** Opening SUPPLIED MATERIAL block **

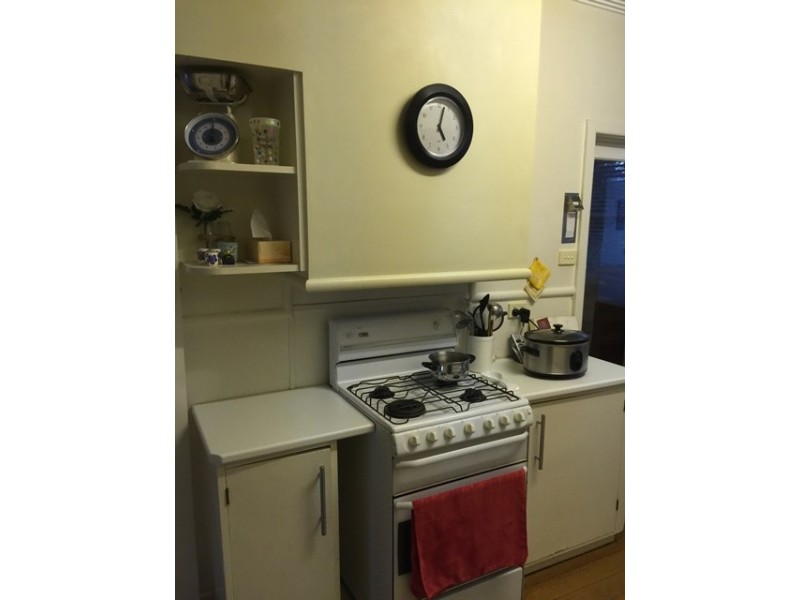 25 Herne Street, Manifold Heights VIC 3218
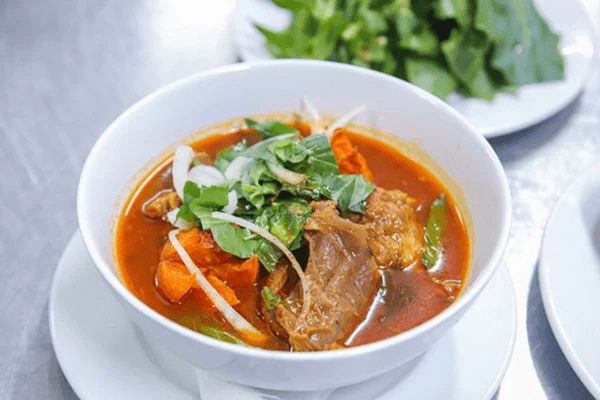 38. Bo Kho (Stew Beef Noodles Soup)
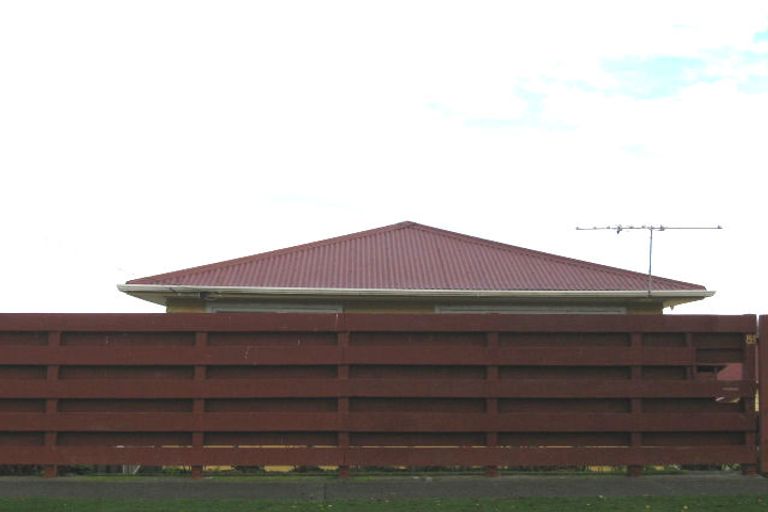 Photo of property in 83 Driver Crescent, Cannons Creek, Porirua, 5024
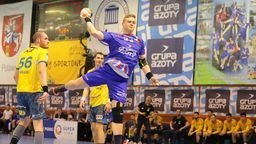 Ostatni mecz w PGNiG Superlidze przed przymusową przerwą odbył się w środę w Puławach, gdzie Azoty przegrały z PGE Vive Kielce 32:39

** Closing SUPPLIED MATERIAL block **

THE TASK ::
Retype, exactly as written, each line from the one containing "Photo of property" through the end of the data above, and leave out every picture.

TASK RESULT ::
 Photo of property in 83 Driver Crescent, Cannons Creek, Porirua, 5024
 Ostatni mecz w PGNiG Superlidze przed przymusową przerwą odbył się w środę w Puławach, gdzie Azoty przegrały z PGE Vive Kielce 32:39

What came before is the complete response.